A PK Study Testing Single Oral Dose of Elacestrant in Subjects With Normal or Severely Impaired Hepatic Function

Exclusion Criteria

• •1. Presence of any condition or circumstance that prevents the subject from understanding and signing the ICF.
• •2. Presence or history of any disorder that may prevent the successful completion of the study.
• •3. History of significant hypersensitivity, intolerance, or allergy to food, or any medical product or relevant excipient, unless approved by the Investigator.
• •4. History of allergy to Elacestrant or drugs in a similar pharmacology class (selective ER modulator or SERD) or excipients used in the formulations of these drugs.
• •5. History of stomach or intestinal surgery or resection, or any significant gastrointestinal disease (eg, Crohn's disease) that would potentially alter absorption and/or excretion of orally administered drugs (uncomplicated appendectomy and hernia repair will be allowed). Cholecystectomy will be allowed at the discretion of the Investigator.
• •6. Acute disease state (eg, nausea, vomiting, fever, diarrhea) within 14 days prior to check-in.
• •7. History of drug/chemical abuse within 1 year prior to check-in.
• •8. History of alcohol abuse within 3 months prior to screening and/or consume \> 21 units per week for males and \> 14 units for females. One unit of alcohol equals 12 oz (360 mL) beer, 1 1⁄2 oz (45 mL) liquor, or 5 oz (150 mL) wine.
• •9. Positive drug screen at screening, or positive alcohol or drug screen at check-in.
• •10. Participation in a clinical study involving administration of an investigational drug (new chemical entity) or device in the past 28 days or 5 half-lives (whichever is longer) prior to dosing.
• •11. Received Elacestrant within 60 days prior to dosing.
• •12. Corrected value of the interval between the Q and T waves on the ECG tracing, using Fridericia's formula, is \> 450 ms (for healthy males) or \> 470 ms (for healthy females), is \> 470 ms (for hepatic impairment males) or \> 480 ms (for hepatic impairment females); or has ECG findings deemed abnormal with clinical significance by the Investigator at screening. ECGs will be collected in triplicate.
• •13. Use of any drugs or herbal remedies known to be strong or moderate inhibitors or inducers of CYP3A enzymes for 28 days prior to dosing or 5 half-lives (whichever is longer) and throughout the study.
• •14. Not willing to follow on-study diet requirements.

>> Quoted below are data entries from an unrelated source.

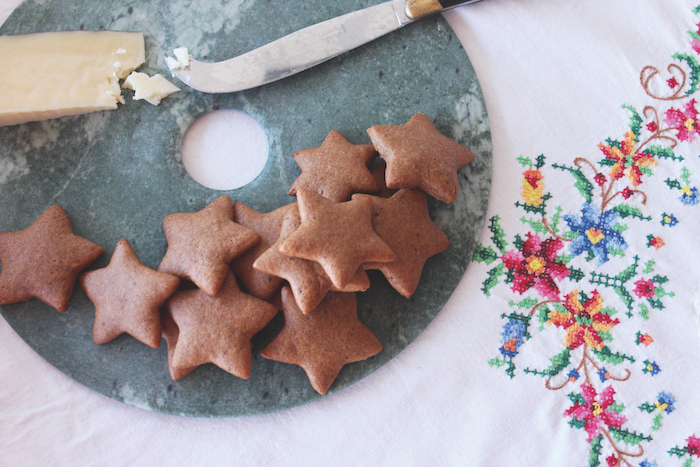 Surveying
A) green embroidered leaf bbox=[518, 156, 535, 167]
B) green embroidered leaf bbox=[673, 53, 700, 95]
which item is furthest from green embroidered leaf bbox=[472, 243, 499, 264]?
green embroidered leaf bbox=[673, 53, 700, 95]

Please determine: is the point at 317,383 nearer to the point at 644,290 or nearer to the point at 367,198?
the point at 367,198

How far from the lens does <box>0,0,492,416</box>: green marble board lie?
4.16ft

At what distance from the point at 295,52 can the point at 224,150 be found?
0.31 meters

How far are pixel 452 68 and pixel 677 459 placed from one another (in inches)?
45.3

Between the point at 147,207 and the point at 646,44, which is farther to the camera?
the point at 646,44

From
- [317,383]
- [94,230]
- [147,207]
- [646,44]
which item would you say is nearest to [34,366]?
[94,230]

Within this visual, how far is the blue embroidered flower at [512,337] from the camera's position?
1.33m

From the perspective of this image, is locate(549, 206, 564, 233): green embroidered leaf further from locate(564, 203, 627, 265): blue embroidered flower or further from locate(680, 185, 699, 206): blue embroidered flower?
locate(680, 185, 699, 206): blue embroidered flower

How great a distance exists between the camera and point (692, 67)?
1.42 metres

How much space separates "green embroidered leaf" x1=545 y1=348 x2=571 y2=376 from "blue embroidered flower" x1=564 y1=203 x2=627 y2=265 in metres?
0.25

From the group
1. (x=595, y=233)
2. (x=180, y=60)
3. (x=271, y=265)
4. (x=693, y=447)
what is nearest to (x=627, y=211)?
(x=595, y=233)

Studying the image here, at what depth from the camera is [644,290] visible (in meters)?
1.36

• •15. Ingestion of Seville orange- or grapefruit- containing foods or beverages within 28 days prior to check-in.
• •16. Receipt of blood products within 2 months prior to check-in.
• •17. Donation of blood from 3 months prior to screening, plasma from 2 weeks prior to screening, or platelets from 6 weeks prior to screening.

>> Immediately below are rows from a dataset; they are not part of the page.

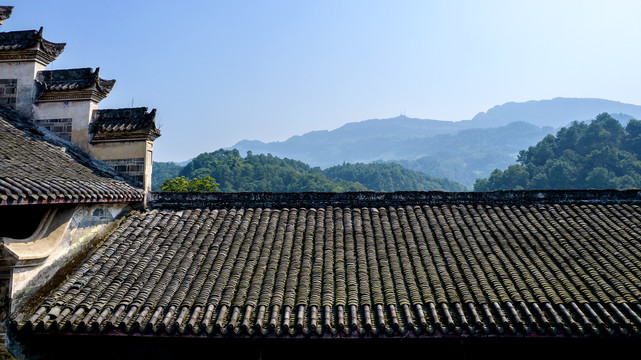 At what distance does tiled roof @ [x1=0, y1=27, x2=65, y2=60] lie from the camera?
11398mm

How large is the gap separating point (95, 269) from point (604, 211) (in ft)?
34.0

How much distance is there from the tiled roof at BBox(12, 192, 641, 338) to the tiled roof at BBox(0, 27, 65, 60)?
486cm

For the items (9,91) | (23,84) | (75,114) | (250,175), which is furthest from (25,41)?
(250,175)

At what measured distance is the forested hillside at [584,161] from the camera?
73.9 m

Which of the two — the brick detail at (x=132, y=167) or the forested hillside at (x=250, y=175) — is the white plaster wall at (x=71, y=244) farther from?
the forested hillside at (x=250, y=175)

• •18. Poor peripheral venous access.
• •19. Subjects who, in the opinion of the Investigator, should not participate in this study.
• •20. Significant history or clinical manifestation of any metabolic, allergic, dermatological, hepatic, renal, hematological, pulmonary, cardiovascular (including any prior history of cardiomyopathy or cardiac failure), gastrointestinal, neurological, or psychiatric disorder.

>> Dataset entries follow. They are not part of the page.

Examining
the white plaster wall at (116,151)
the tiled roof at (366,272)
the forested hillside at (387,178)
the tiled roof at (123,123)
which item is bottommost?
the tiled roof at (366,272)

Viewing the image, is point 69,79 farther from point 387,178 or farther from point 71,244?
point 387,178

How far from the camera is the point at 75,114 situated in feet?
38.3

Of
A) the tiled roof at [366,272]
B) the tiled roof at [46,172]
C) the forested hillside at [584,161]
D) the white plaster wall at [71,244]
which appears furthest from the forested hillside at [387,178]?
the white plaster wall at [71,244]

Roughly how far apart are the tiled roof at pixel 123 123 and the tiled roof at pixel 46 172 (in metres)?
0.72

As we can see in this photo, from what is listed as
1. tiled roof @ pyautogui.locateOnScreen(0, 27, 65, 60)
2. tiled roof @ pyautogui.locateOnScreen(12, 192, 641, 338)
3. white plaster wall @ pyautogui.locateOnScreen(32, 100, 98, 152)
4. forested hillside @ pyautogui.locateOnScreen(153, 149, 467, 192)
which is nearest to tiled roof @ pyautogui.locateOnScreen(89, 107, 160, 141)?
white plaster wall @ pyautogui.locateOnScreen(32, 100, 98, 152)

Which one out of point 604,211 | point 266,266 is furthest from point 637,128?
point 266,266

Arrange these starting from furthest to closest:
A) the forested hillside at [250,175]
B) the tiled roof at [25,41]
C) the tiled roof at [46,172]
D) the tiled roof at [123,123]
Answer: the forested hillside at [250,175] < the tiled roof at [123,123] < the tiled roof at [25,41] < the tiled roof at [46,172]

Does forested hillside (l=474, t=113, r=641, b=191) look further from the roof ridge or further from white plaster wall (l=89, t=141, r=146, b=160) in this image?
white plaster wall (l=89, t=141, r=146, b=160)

• •21. Unable to refrain from or anticipate the use of any non-prescription medications, herbal remedies, or vitamin supplements within 14 days prior to dosing and throughout the study.
• •NOTE: After check-in, acetaminophen (up to 2 g per 24 hours), and 1% hydrocortisone cream may be administered at the discretion of the Investigator.
• •22. Unable to refrain from or anticipate the use of any prescription medications within 28 days prior to dosing or 5 half-lives (whichever is longer) and throughout the study, unless approved by the Investigator and the study assigned medical monitor.
• •NOTE: slow-release medications / products considered to still be active prior to check-in must be approved by the Investigator and the study assigned medical monitor.
• •23. Positive hepatitis B panel test and/or positive hepatitis C RNA test. Subjects whose results are compatible with prior immunization may be included.
• •24. History of diabetes mellitus.
• •25. Grade 3 and Grade 4 encephalopathy as determined by the CP score.
• •26. Portal systemic shunt.
• •27. Subject has shown evidence of hepatorenal syndrome or abnormal serum creatinine levels (above upper limit for the local lab) and estimated glomerular filtration rate \< 60 mL/min or abnormal sodium and potassium levels. The determination of the severity and clinical relevance of the latter 2 abnormalities will be at the discretion of the Investigator.
• •28. Treatment for gastrointestinal bleeding within the 3 months prior to check-in.
• •29. New medication or a change in dose for hepatic encephalopathy within the 3 months prior to check-in, unless approved by the Investigator and the study assigned medical monitor.